Дыхание его все еще было учащенным и надрывистым, но, кажется, состояние немного улучшилось. Морской огляделся. Капельница! Похоже, у старика был анафилактический шок вследствие аллергии на лекарственный препарат. Вливают что ни попадя без проб! Нужно было срочно вколоть адреналин. Морской рванулся.

– Мне нужно с вами поговорить! – не сдавался старик. – Ведь я умираю, да? В последние минуты становится легче, я знаю. Не хочу провести их впустую, как всю жизнь… Я много жил, я много видел и много знаю. Я писал им про это, но не уверен, что делу дадут ход. Пусть хоть информация не умрет вместе со мной. Слушайте, запоминайте, передайте потомкам, чтобы знали…

Морской замер.

– Альбомные списки! – с невесть откуда взявшейся силой прокричал старик и многозначительно посмотрел Морскому прямо в глаза. – Запомните это страшное выражение. Думаете, вас будет судить суд? Честный Трибунал или обеспокоенное Особое совещание в общепринятом понимании этого слова? – Морской надеялся, что лично его судить вообще не будут, но возражать не стал. Старик продолжил: – Нет!
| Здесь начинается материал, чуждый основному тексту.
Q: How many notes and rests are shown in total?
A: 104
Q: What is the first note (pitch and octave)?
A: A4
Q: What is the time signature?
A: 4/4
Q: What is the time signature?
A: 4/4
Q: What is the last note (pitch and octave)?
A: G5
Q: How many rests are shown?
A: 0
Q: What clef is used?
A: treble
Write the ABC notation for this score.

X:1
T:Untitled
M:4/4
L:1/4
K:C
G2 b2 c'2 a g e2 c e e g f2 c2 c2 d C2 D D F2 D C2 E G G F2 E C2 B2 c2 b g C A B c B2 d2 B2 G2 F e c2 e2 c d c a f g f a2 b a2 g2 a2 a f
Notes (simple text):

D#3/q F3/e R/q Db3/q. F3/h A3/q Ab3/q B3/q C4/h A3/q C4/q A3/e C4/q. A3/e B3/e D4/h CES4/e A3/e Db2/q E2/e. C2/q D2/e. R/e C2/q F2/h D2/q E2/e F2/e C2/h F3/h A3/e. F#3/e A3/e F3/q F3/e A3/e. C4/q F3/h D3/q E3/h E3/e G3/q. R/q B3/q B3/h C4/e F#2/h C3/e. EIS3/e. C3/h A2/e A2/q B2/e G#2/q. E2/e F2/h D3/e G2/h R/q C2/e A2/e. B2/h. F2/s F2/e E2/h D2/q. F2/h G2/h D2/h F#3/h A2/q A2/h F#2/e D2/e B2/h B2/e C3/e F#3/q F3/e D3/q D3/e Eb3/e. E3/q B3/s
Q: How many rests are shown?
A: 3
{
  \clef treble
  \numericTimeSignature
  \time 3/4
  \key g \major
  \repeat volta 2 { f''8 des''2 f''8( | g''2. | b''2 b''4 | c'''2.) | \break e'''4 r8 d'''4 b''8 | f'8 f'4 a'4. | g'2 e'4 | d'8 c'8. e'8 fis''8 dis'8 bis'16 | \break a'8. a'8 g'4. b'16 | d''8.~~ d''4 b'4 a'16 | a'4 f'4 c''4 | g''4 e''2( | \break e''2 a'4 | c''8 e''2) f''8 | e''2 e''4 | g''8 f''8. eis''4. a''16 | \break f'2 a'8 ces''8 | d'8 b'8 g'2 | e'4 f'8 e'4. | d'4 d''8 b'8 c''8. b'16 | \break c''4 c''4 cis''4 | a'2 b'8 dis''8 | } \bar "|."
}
Знайте, в 1937 году партия издала тайный указ, согласно которому почти все политические дела рассматриваются особо уполномоченными «тройками». Представитель прокуратуры, человек от обкома партии и доверенный НКВД – вот те, в чьих руках окажется ваша судьба. Старик устремил безумные глаза в потолок и продолжил: – Всех, по кому нужно вынести приговор, собирают в общий альбом. Одно дело – один лист альбома. В нем – анкетные данные арестованного, краткое описание преступления, пометка о том, признал ли он вину, и проект приговора: на выбор 10 лет лагерей или расстрел. Всё! Ни развернутого обвинения, ни показаний свидетелей, ни протоколов допросов, ни заключения экспертов. Это противоречит всем судебным нормам. Это вредительство и преступление! Вот так-то, – старик закончил, тяжело сглотнув. Выцветшие, но все еще голубые глаза какое-то время смотрели на потолок, потом несколько раз моргнули, как бы проверяя, умеют ли еще это делать. Удостоверившись, что может даже и еще поговорить, адвокат продолжил: – Все это в камере мне рассказал один человек. Ныне покойный. Расстрелянный. Он сам работал в системе и потому все знал. Когда пришел его черед предстать перед судом, он понимал, что будет дальше. И рассказал мне все про «тройки» и альбомные списки. Совсем без возмущения, как факт. Хотя сам был когда-то грамотным юристом и не мог не понимать, что эти списки – форменное нарушение делопроизводства. Да, – старик усмехнулся. – Его слова были произнесены даже не для очистки совести или огласки, а просто как аргумент в пользу того, что ни у кого из нас нет шансов выжить.